▶ [Problem requirements]
The required result is an exact copy of every line from the one with "Дача в Германии." through the last line below, with the pictures left out.

▶ [Exercise inputs]

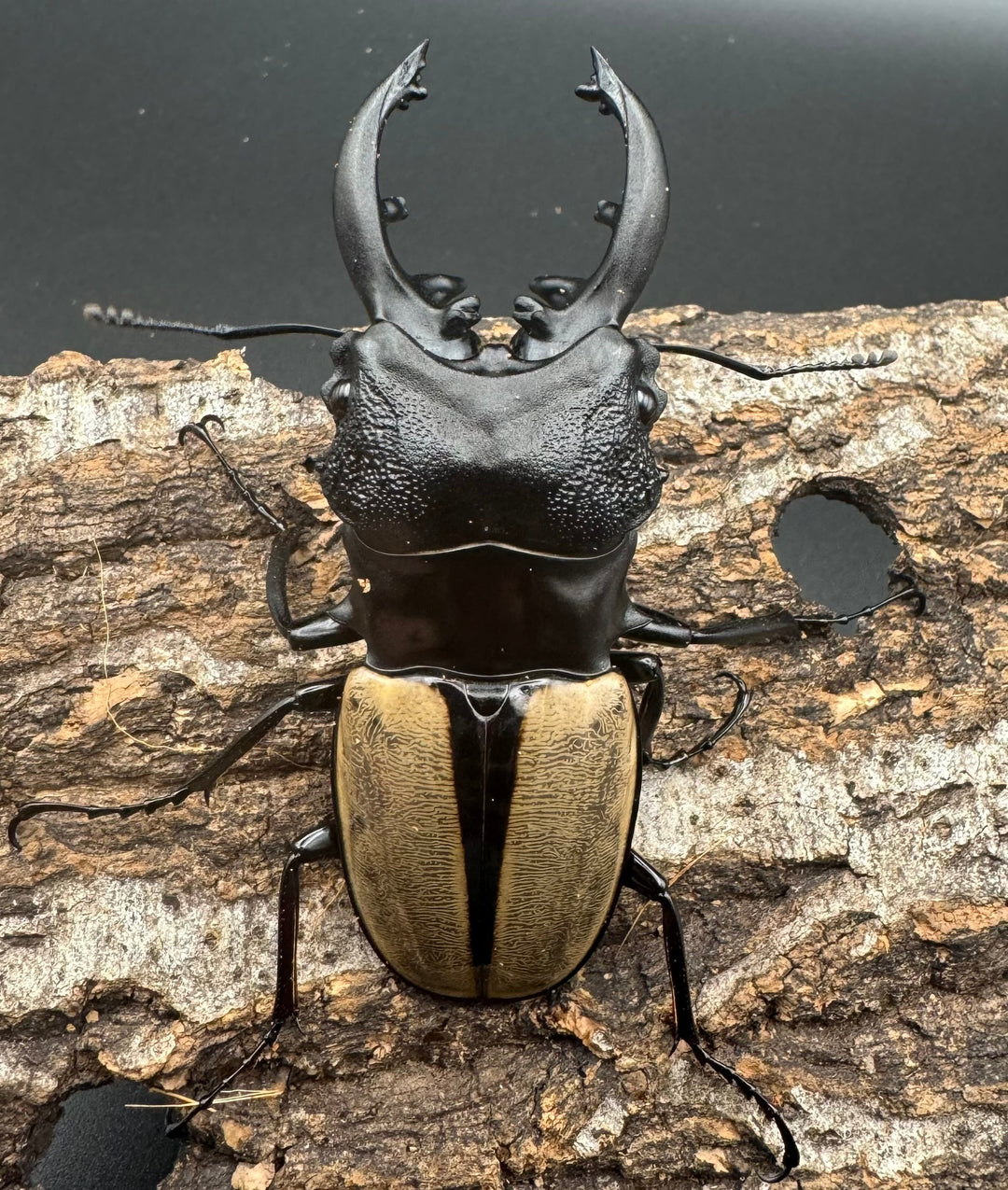 【WD】《ルデキンツヤクワガタ 77mm ペア》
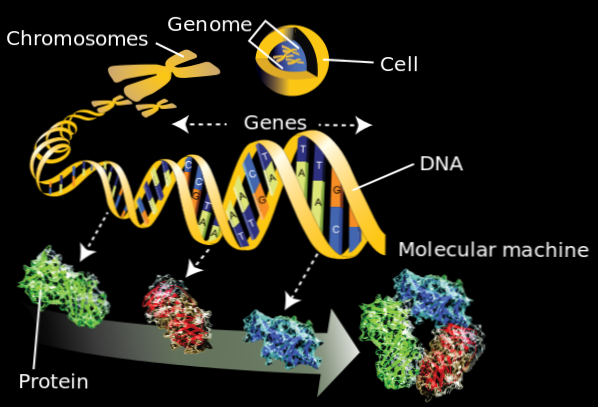 Différence entre la génomique et la protéomique / Science | La différence entre des objets et des termes similaires.
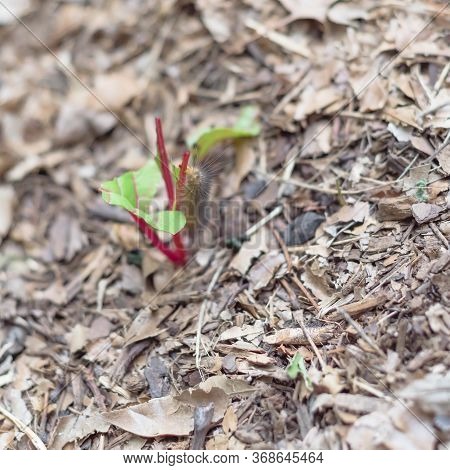 Young Swiss Chard Plant Damaged By Huge Caterpillar Worm At Raised Bed Garden Near Dallas, Texas, Us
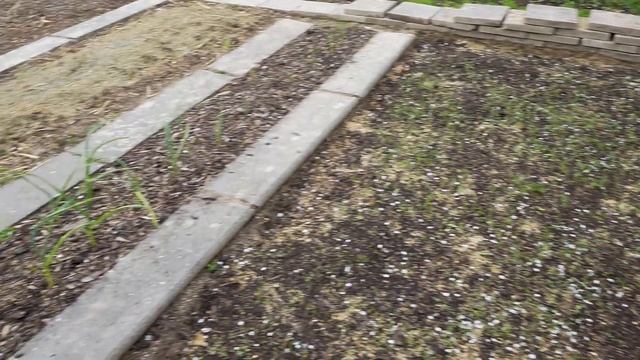 Дача в Германии. Борьба с гусеницами. смотреть онлайн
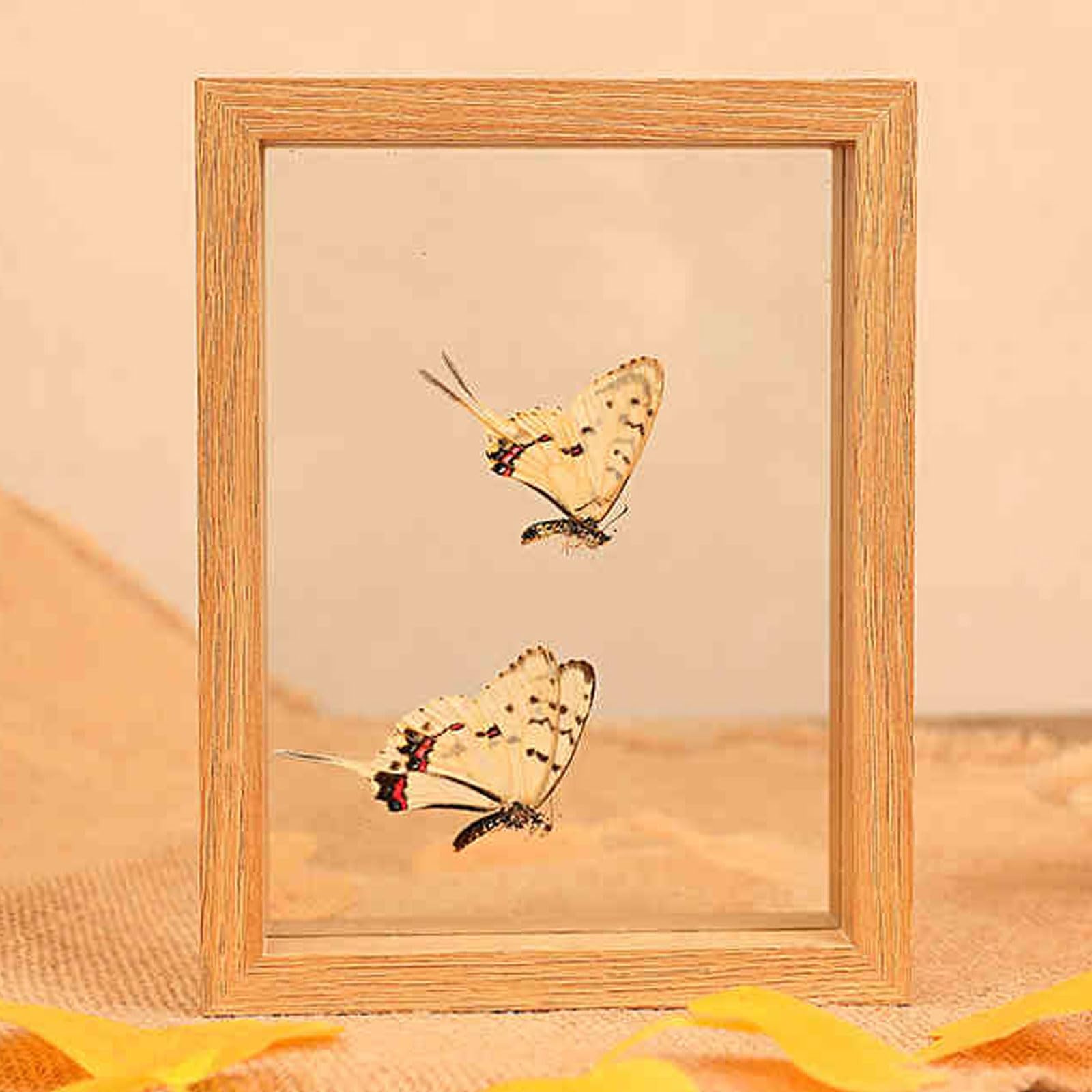 Marco de fotos, marco flotante vidrio doble cara, color nogal/madera, varios tamaños(Original Wood Color,Square 8 inches)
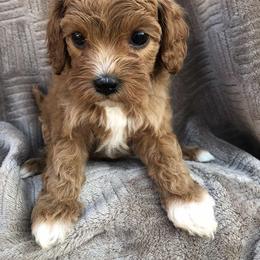 Cavalier King Charles Spaniel and Cavapoo Puppies from VITPOM PUPPIES
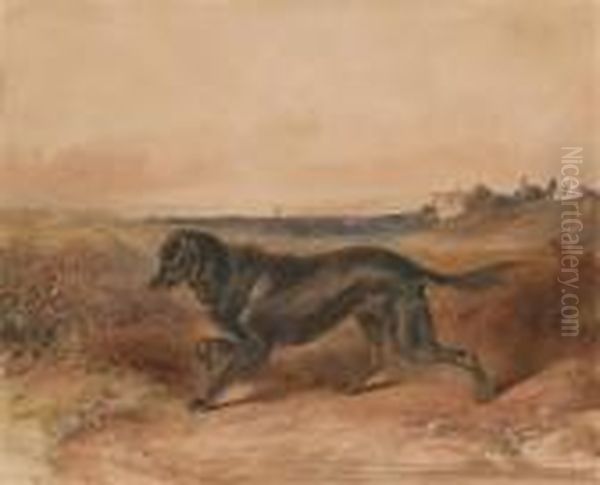 Streunenderhund - view 1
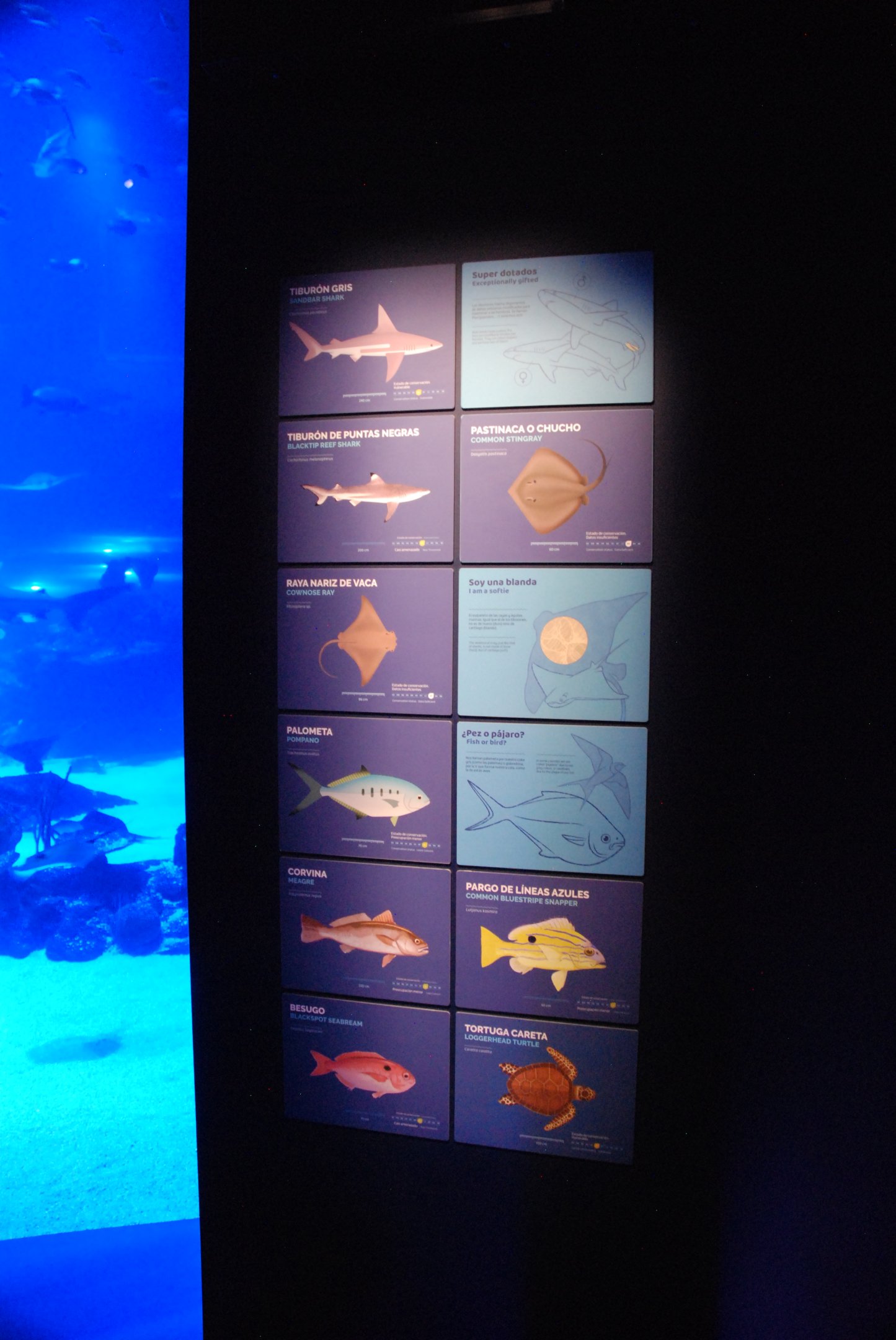 Main Tank Signage at Atlantis Aquarium Madrid, 20th May 2022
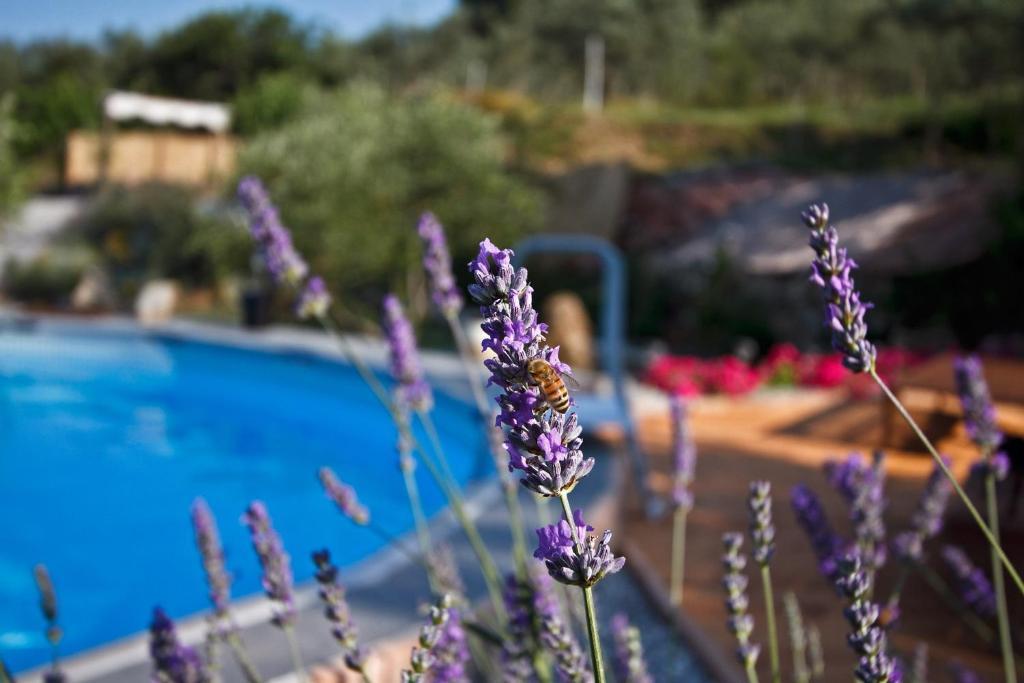 Il Giardino Degli Angeli Bed & Breakfast Framura Dış mekan fotoğraf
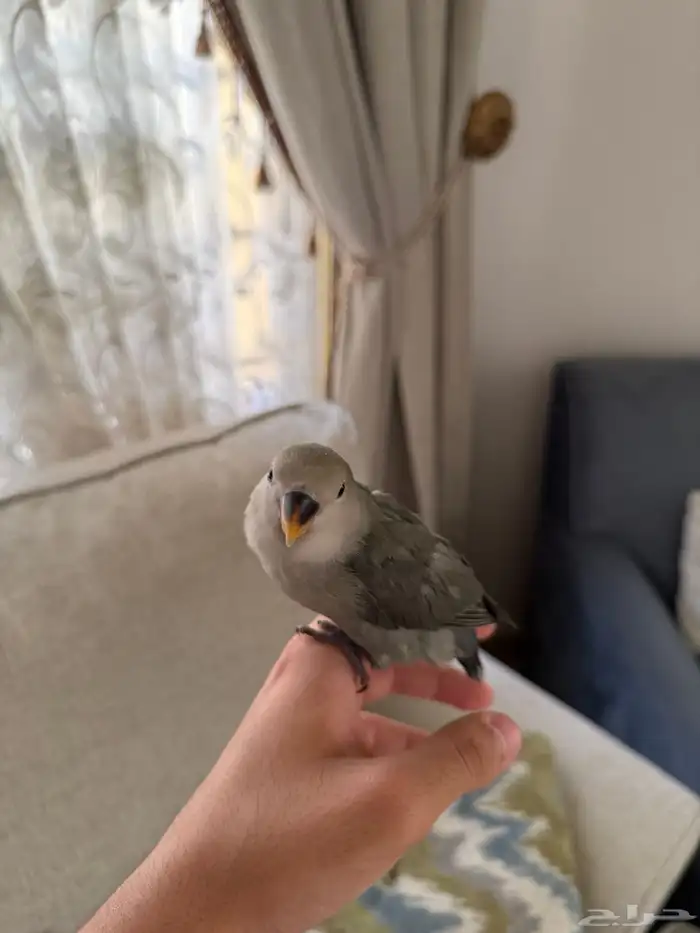 ببغاء روز أليفف 0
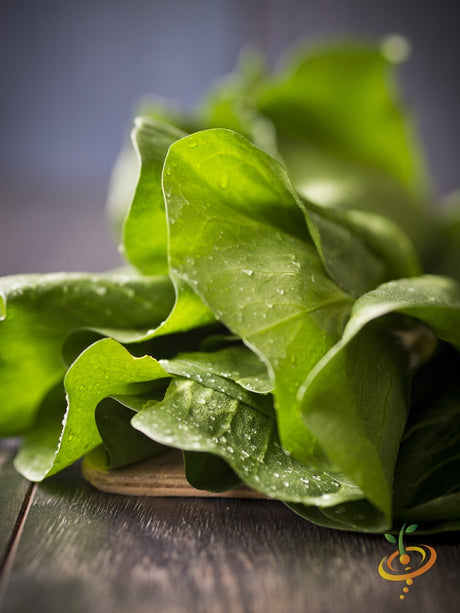 Dark green Romaine lettuce seeds from SeedsNow, ready for planting in vegetable garden or container growth.
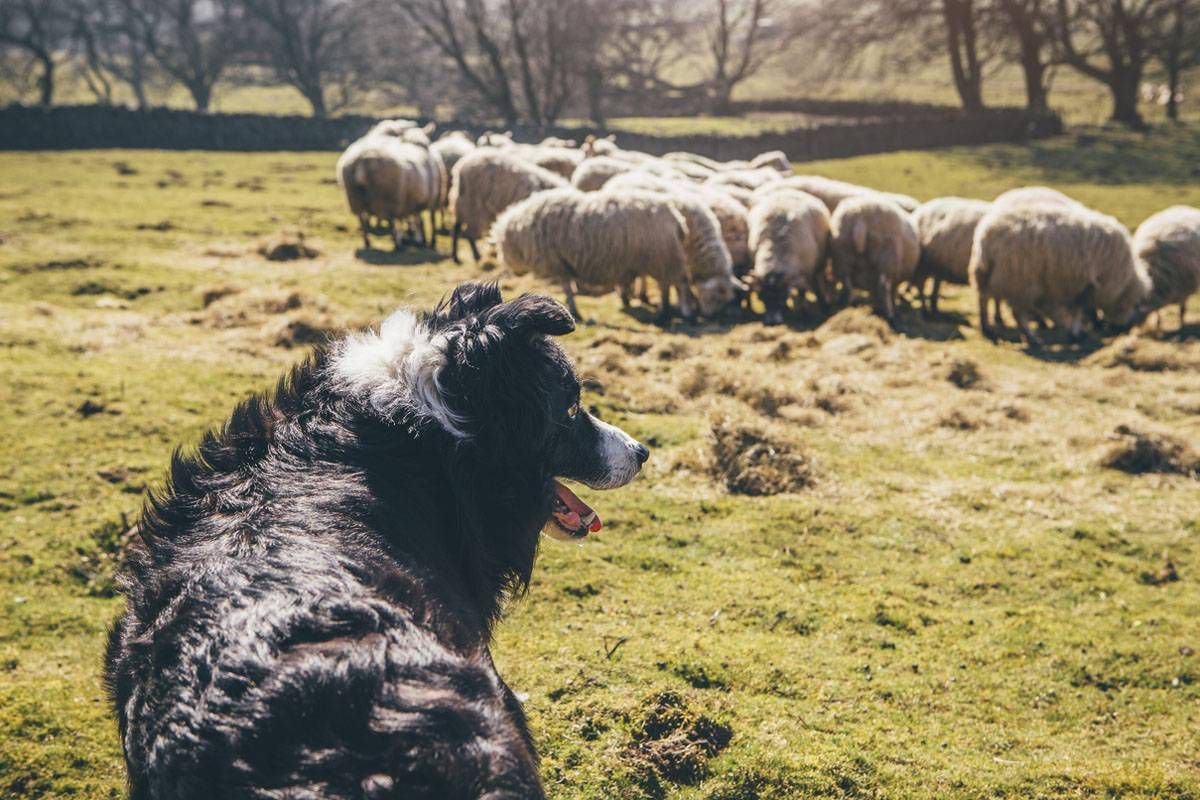 Южнорусская овчарка пасет овец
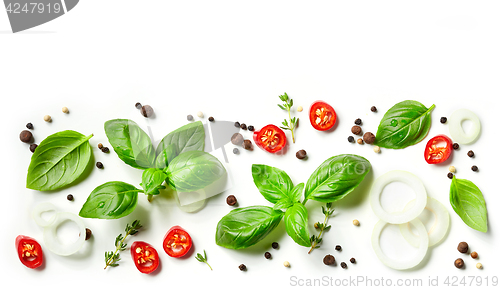 Image of fresh herbs and spices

▶ [Answer for this exercise]
 Дача в Германии. Борьба с гусеницами. смотреть онлайн
 Marco de fotos, marco flotante vidrio doble cara, color nogal/madera, varios tamaños(Original Wood Color,Square 8 inches)
 Cavalier King Charles Spaniel and Cavapoo Puppies from VITPOM PUPPIES
 Streunenderhund - view 1
 Main Tank Signage at Atlantis Aquarium Madrid, 20th May 2022
 Il Giardino Degli Angeli Bed & Breakfast Framura Dış mekan fotoğraf
 ببغاء روز أليفف 0
 Dark green Romaine lettuce seeds from SeedsNow, ready for planting in vegetable garden or container growth.
 Южнорусская овчарка пасет овец
 Image of fresh herbs and spices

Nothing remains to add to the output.